Risk One: Invoice Cycle Mismatch
A plumbing company that handles commercial accounts may complete tens of thousands of dollars in work and wait thirty to sixty days for payment. The MCA remittance runs daily. The structural problem is that the business is paying back tomorrow’s revenue with today’s account balance, and on the days when large commercial payments have not yet arrived, the daily withdrawal reduces the operating cushion toward zero. A plumbing company that looks profitable on a monthly income statement may carry a bank account that is chronically thin at mid-month because the MCA remittance is continuous and the receivables cycle is not.
Risk Two: Licensing and Bond Exposure
Plumbing contractors in most states must maintain a surety bond as a condition of licensure. Bond premiums are renewed annually, and a bonding company that discovers significant unsatisfied commercial judgments against a contractor may decline renewal or demand a substantially higher premium. An MCA default that produces a personal judgment against the owner, combined with a confession of judgment filed in a state that permits them, can trigger exactly that discovery when the bond comes up for renewal. A plumbing company that loses its bond cannot legally operate in most jurisdictions regardless of its technical competence.
The judgment is not only a financial instrument. In a licensed trade, it is an operational threat.
Risk Three: Van and Equipment Liens in Active Rotation
Service vans are not static assets in a plumbing business. They are dispatched multiple times daily, they carry inventory, and their operational availability is directly tied to revenue. When a UCC blanket lien covers the vans and a default is declared, the funder’s ability to assert a claim on those vehicles creates complications that are not theoretical. An owner who cannot demonstrate clear title to a van cannot sell it, cannot use it as collateral for a line of credit, and in a default enforcement scenario, may find a collections attorney asserting rights to physical assets that the business needs to generate the revenue to pay the debt. The circularity is not accidental.

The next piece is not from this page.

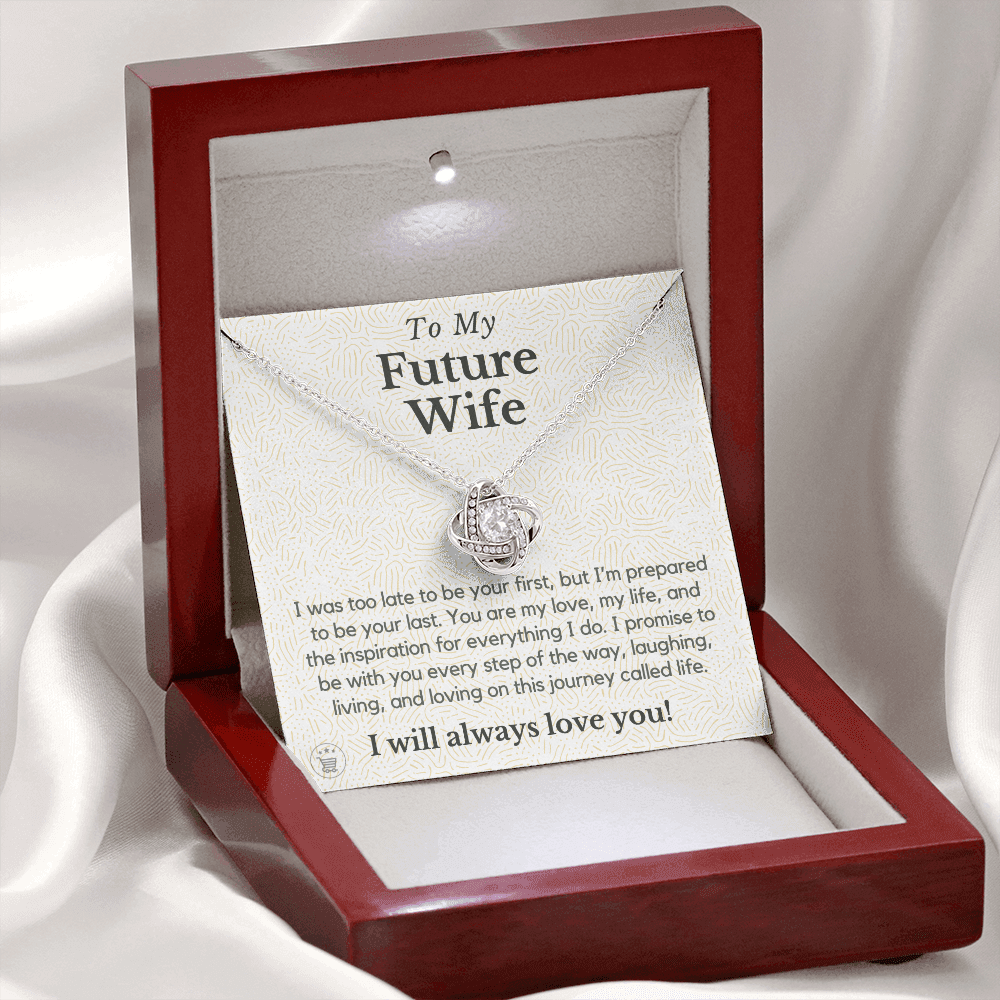 Future Wife, Future Mrs. Gift | Every Step Necklace 0464T18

Risk Four: Subcontractor Relationships and Timing
Plumbing companies that use subcontractors for overflow work or specialized pipe systems pay those subs from operating cash. When MCA remittances have depleted the account below the level needed to cover subcontractor invoices, the plumbing company either delays payment, which damages the relationship, or covers the gap from personal funds, which depletes personal assets. The owner who is personally guaranteeing the MCA while simultaneously funding subcontractor payments from personal savings is absorbing losses in both directions simultaneously.
Risk Five: The Usury Argument in Licensed Trade Context
The New York Attorney General’s January 2025 settlement with Yellowstone Capital, which resulted in a judgment exceeding one billion dollars and the cancellation of hundreds of millions in outstanding obligations, established that MCA agreements structured as loans, with fixed repayment obligations and no genuine risk of non-repayment based on receivables performance, are subject to state usury law. Plumbing contractors who entered MCA agreements with effective annual rates far exceeding applicable usury caps may have grounds to challenge the underlying obligation as void. The argument is fact-specific and requires an attorney to analyze the agreement’s structure, but the regulatory environment of 2025 is more receptive to that argument than it was in 2020.
Whether a given agreement qualifies depends on details that vary by contract and by state. What is clear is that the presumption that all MCA agreements are beyond legal challenge has been significantly eroded.